The story is a careful piecing together of intricate details and life-changing events that somehow made their lives. While Clayton’s research includes visiting the Hemingway homes and piecing together of Gellhorn’s written material, it also includes the perspectives of other correspondents and celebrities the pair interacted with. As Gellhorn and Hemingway bounce across the globe writing, drinking, and loving, Clayton’s prose breezes easily through wherever in the world they decide to go: leaving Key West as Hemingway’s marriage crumbles beneath him; family vacations in Idaho; the new home shared by Gellhorn and Hemingway in Cuba; business trips to New York, and Presidential dinners in Washington, to the eventual coverage of war: in Hong Kong, Helsinki. London, Paris, and Madrid. There is even a chapter in Texas, where the pair stop to enjoy a few daiquiris only to find out the Japanese have attacked Pearl Harbor. In the middle of this globe-trotting are moments that are sensational celebrity antics: Hemingway’s fist fight with Orson Welles, having dinner with the Roosevelts, going on vacation with Gary Cooper and Howard Hawkes, or getting war credentials with the wrong name on them with Ginny Cowles in London. This stylish imagining offers the reader the fantastic possibility of adventure against a war-torn world of sadness and despair, hope and revival, friendship and love.

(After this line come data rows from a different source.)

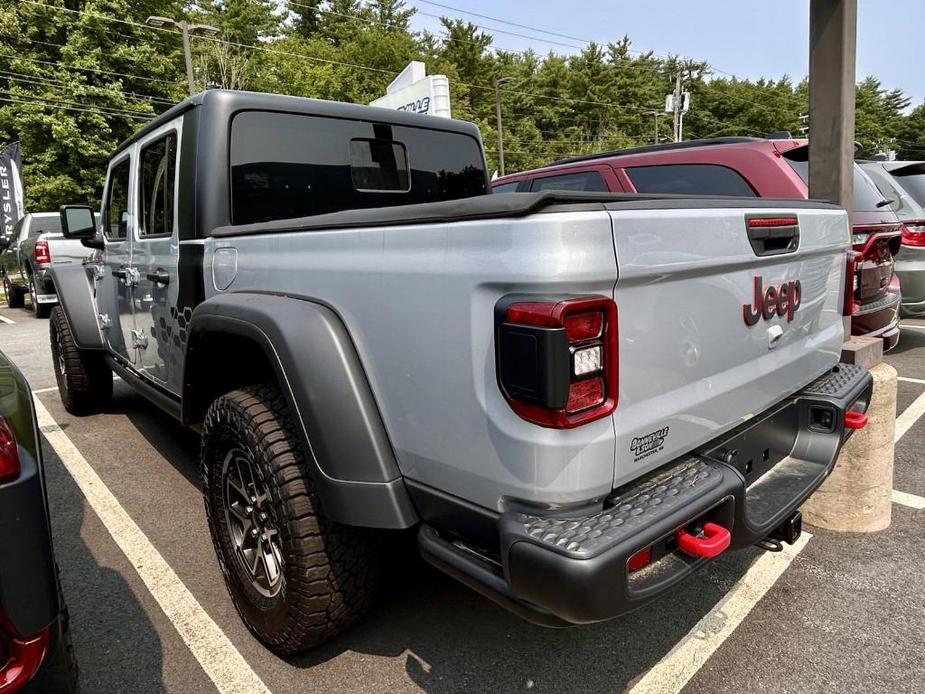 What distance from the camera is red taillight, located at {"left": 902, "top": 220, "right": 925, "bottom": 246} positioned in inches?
256

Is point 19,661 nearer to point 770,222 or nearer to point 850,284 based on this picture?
point 770,222

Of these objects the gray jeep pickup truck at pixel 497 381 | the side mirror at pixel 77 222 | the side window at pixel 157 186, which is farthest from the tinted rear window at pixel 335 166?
the side mirror at pixel 77 222

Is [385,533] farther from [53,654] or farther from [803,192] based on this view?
[803,192]

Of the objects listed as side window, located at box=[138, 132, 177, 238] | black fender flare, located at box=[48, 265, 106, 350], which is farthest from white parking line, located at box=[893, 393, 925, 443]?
black fender flare, located at box=[48, 265, 106, 350]

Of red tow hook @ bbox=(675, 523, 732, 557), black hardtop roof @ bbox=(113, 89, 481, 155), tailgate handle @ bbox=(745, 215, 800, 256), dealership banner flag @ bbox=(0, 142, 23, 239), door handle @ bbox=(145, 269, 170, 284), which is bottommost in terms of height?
red tow hook @ bbox=(675, 523, 732, 557)

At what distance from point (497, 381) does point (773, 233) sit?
1.13 meters

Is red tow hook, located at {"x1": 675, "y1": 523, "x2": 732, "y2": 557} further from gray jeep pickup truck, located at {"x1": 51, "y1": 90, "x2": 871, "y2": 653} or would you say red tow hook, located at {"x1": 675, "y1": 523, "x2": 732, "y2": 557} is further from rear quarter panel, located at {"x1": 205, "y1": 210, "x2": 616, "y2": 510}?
rear quarter panel, located at {"x1": 205, "y1": 210, "x2": 616, "y2": 510}

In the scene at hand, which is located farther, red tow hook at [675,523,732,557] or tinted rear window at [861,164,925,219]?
tinted rear window at [861,164,925,219]

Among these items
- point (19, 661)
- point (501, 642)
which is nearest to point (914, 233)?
point (501, 642)

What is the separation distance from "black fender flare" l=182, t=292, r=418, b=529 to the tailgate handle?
4.10ft

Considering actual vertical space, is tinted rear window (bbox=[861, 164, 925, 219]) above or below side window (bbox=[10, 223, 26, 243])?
below

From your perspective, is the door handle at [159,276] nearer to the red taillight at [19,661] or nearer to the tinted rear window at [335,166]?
the tinted rear window at [335,166]

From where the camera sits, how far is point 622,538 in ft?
4.63

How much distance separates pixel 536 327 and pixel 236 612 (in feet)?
6.35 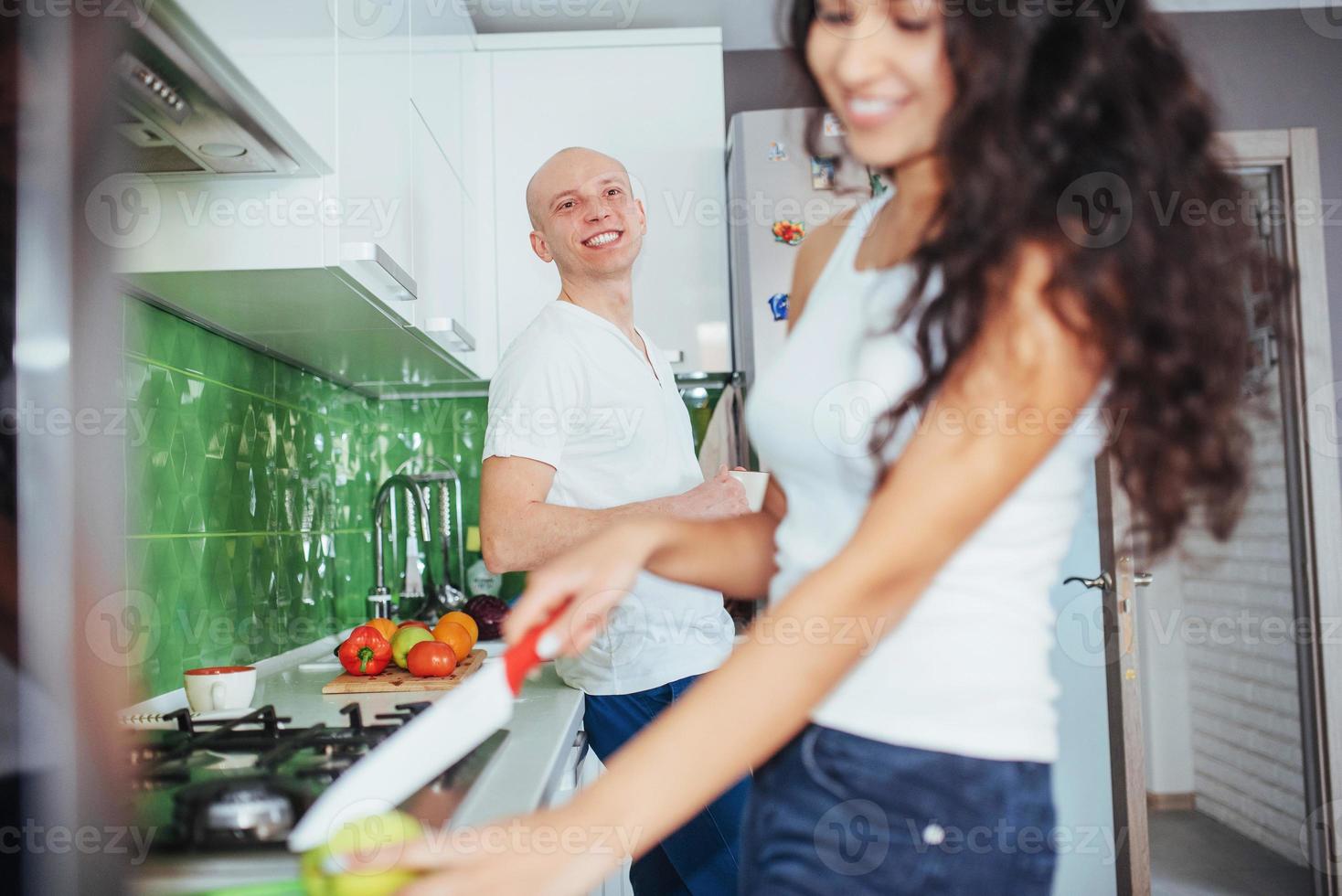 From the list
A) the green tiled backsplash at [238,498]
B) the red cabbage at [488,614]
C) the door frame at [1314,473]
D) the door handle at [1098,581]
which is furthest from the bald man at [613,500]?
the door frame at [1314,473]

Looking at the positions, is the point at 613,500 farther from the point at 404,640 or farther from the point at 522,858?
the point at 522,858

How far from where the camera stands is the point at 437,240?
6.70 ft

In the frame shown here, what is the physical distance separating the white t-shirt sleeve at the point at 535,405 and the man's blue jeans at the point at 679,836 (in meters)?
0.39

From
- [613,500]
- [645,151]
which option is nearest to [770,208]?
[645,151]

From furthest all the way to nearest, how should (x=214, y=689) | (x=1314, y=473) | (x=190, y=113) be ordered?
1. (x=1314, y=473)
2. (x=214, y=689)
3. (x=190, y=113)

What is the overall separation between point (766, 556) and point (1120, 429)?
0.98 ft

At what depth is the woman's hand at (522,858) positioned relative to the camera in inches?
19.1

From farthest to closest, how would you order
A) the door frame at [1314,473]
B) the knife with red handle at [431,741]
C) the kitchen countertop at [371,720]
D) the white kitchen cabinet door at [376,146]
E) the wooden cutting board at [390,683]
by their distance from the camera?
the door frame at [1314,473]
the wooden cutting board at [390,683]
the white kitchen cabinet door at [376,146]
the kitchen countertop at [371,720]
the knife with red handle at [431,741]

Martha Gellhorn's amazing life is a logical choice to be fleshed into reality by historical fiction. She was exactly the type of woman that the world doesn't see enough of, an impeccable balance of modern womanhood: valiant but vulnerable, intelligent and compassionate, resourceful and forgiving. This true beauty is expressed by Clayton's storytelling, as she attempts to capture two larger than life individuals with cohesive charm and style. Clayton's prose is in as delicate a balance as their entire relationship: always tempestuous, but vibrantly light and dark, full of love and hate, jealousy and admiration. And in the middle, a frailty that exists in all humanity, a deep-seated rejection that keeps us always leaving to avoid pain. As Clayton has Gellhorn explain:
"But there was no me in his magic, and the way the magic came to him wasn't the way magic came to me. I had to go out and find it. I had to live in the world, not holed up in a quiet corner with a cook and a pool and cats to rub against my legs."
Fundamentally, these two clashed, but for a little while they shared enough to produce unique magic. While history will always remember them for the period that they shared together, Beautiful Exiles validates how important that time really was to the careers of two powerhouse writers.